* TASK GOAL
Omit pictures and quote the listing below line by line, from its start through the line that holds "Seoul, South Korea.".

(Beginning of DATA FOR THIS TASK)

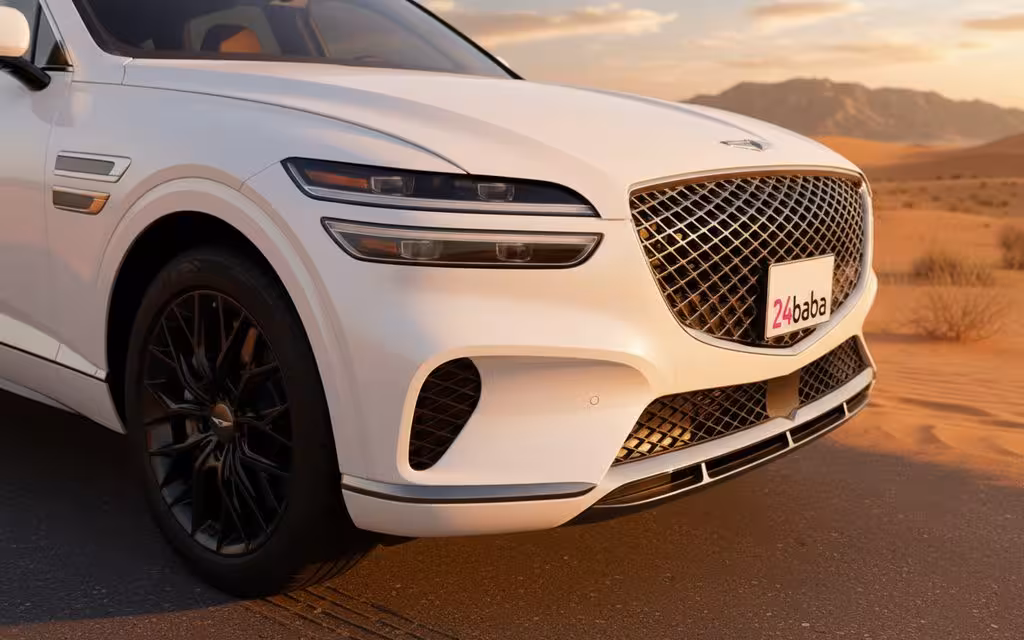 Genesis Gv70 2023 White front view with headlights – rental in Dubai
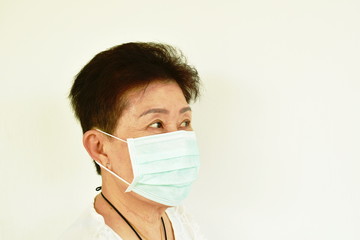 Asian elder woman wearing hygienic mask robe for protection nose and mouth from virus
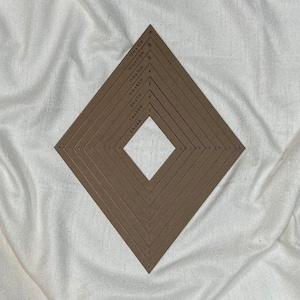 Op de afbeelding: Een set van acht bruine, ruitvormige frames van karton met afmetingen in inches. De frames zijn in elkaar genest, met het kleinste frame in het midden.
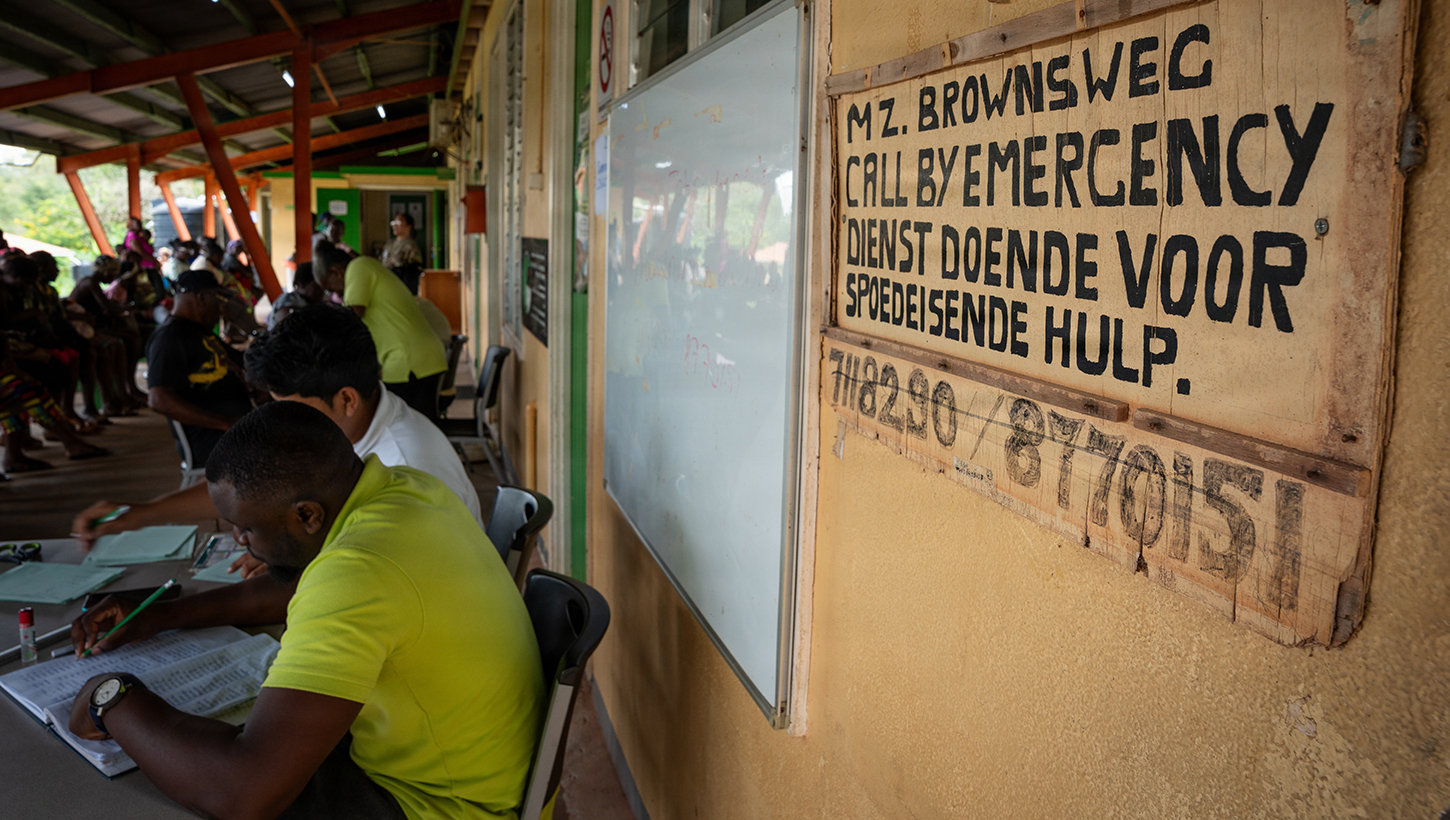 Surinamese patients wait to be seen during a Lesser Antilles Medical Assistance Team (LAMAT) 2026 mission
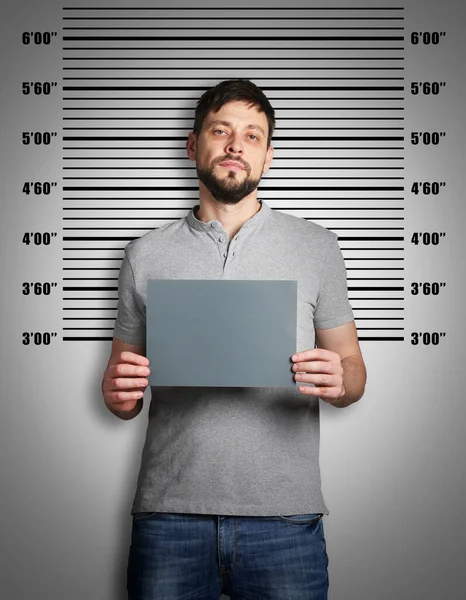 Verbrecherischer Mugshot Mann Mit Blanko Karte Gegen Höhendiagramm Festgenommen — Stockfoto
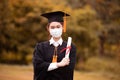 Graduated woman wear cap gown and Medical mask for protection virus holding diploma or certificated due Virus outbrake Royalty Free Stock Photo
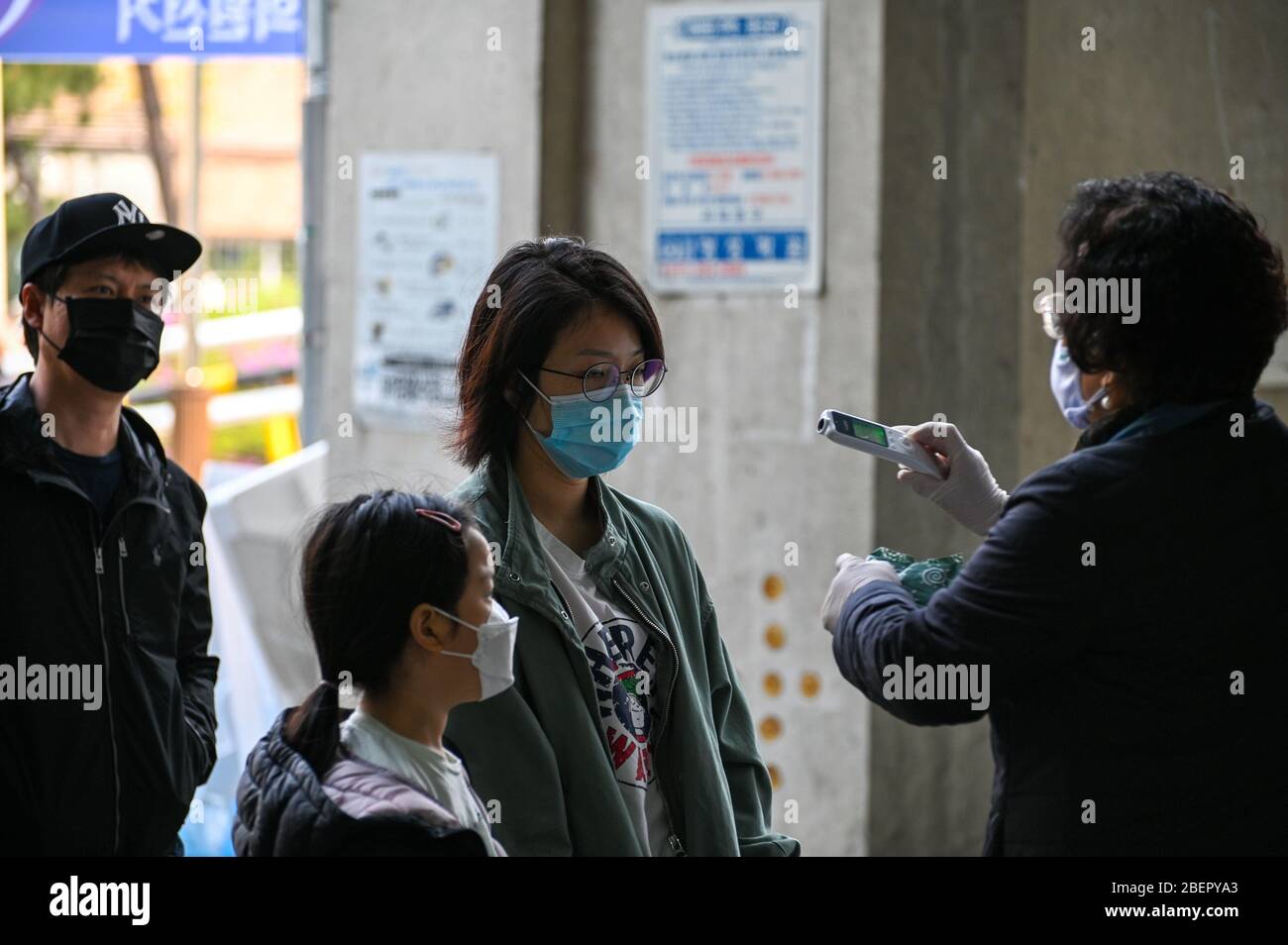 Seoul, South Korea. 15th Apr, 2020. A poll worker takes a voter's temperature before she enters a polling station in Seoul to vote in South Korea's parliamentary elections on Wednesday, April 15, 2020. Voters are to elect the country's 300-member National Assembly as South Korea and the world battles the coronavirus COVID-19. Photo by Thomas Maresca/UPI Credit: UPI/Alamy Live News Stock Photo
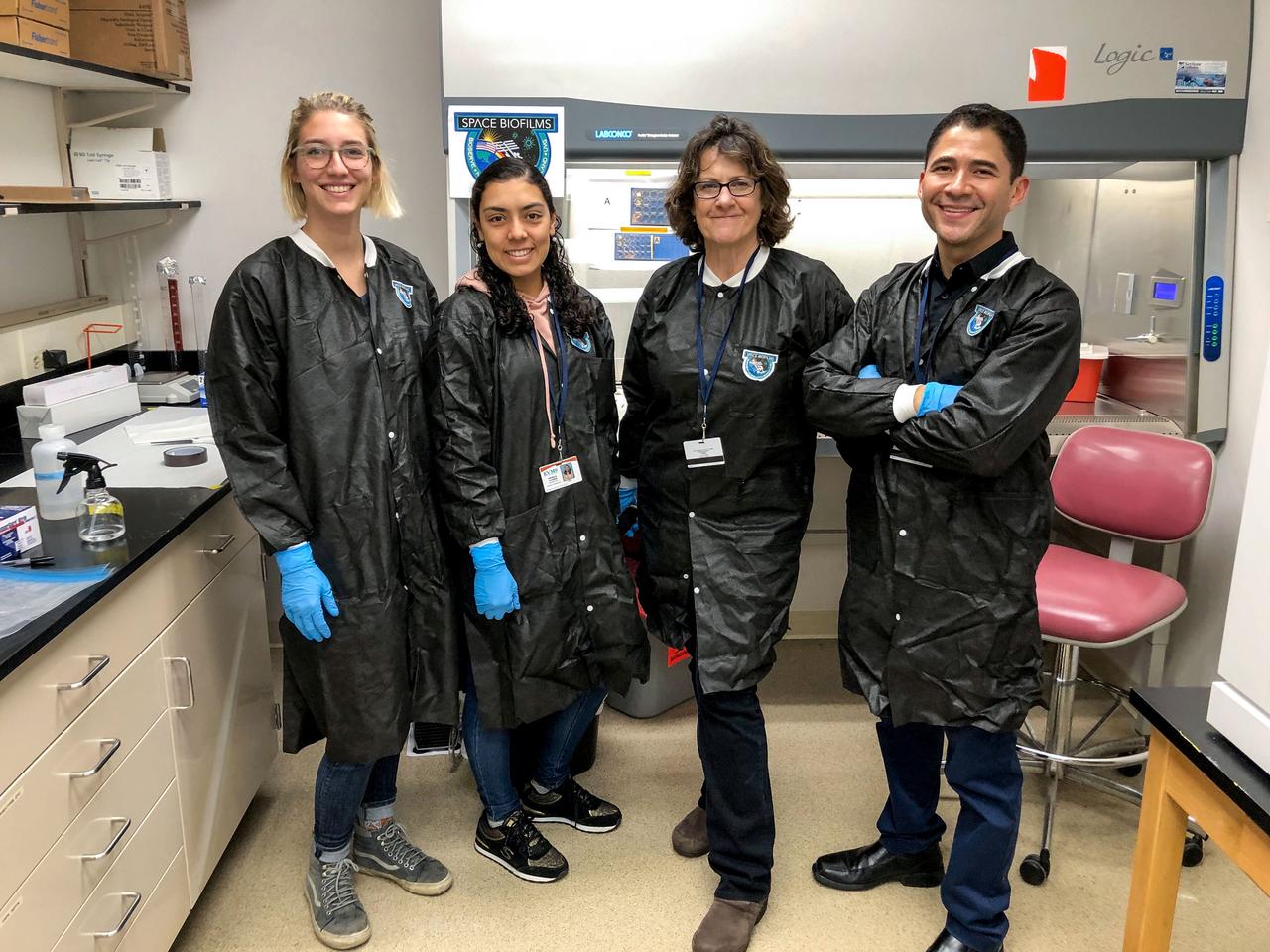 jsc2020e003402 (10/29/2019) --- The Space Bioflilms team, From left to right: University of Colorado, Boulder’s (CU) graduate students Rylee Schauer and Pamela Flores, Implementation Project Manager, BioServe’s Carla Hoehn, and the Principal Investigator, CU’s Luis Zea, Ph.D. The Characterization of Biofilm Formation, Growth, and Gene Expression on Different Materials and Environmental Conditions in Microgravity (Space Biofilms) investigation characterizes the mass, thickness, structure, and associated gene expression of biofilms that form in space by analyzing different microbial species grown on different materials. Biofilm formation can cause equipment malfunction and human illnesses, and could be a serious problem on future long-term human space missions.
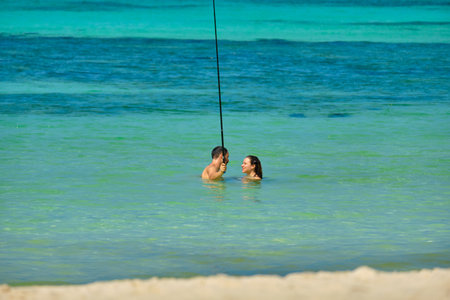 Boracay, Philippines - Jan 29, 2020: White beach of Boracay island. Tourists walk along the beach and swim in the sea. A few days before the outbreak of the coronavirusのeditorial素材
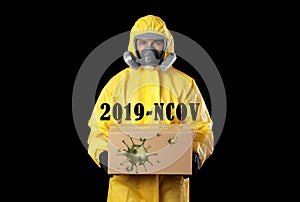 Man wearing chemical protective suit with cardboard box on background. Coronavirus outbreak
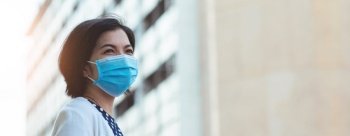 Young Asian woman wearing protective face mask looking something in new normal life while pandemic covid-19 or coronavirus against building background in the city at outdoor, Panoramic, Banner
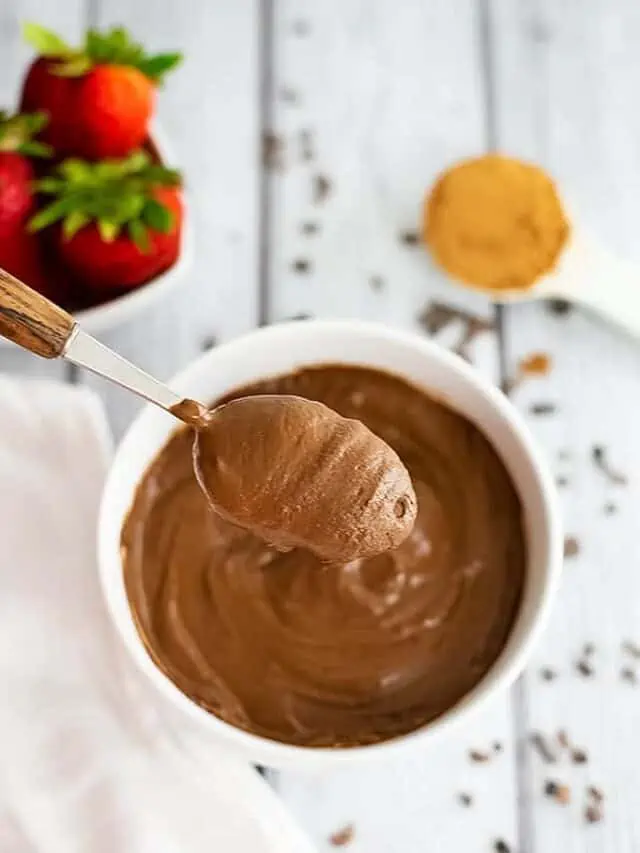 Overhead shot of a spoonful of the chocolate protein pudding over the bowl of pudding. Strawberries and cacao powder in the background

(End of DATA FOR THIS TASK)

* RESULT OF THIS EXERCISE
 Genesis Gv70 2023 White front view with headlights – rental in Dubai
 Asian elder woman wearing hygienic mask robe for protection nose and mouth from virus
 Op de afbeelding: Een set van acht bruine, ruitvormige frames van karton met afmetingen in inches. De frames zijn in elkaar genest, met het kleinste frame in het midden.
 Surinamese patients wait to be seen during a Lesser Antilles Medical Assistance Team (LAMAT) 2026 mission
 Verbrecherischer Mugshot Mann Mit Blanko Karte Gegen Höhendiagramm Festgenommen — Stockfoto
 Graduated woman wear cap gown and Medical mask for protection virus holding diploma or certificated due Virus outbrake Royalty Free Stock Photo
 Seoul, South Korea. 15th Apr, 2020. A poll worker takes a voter's temperature before she enters a polling station in Seoul to vote in South Korea's parliamentary elections on Wednesday, April 15, 2020. Voters are to elect the country's 300-member National Assembly as South Korea and the world battles the coronavirus COVID-19. Photo by Thomas Maresca/UPI Credit: UPI/Alamy Live News Stock Photo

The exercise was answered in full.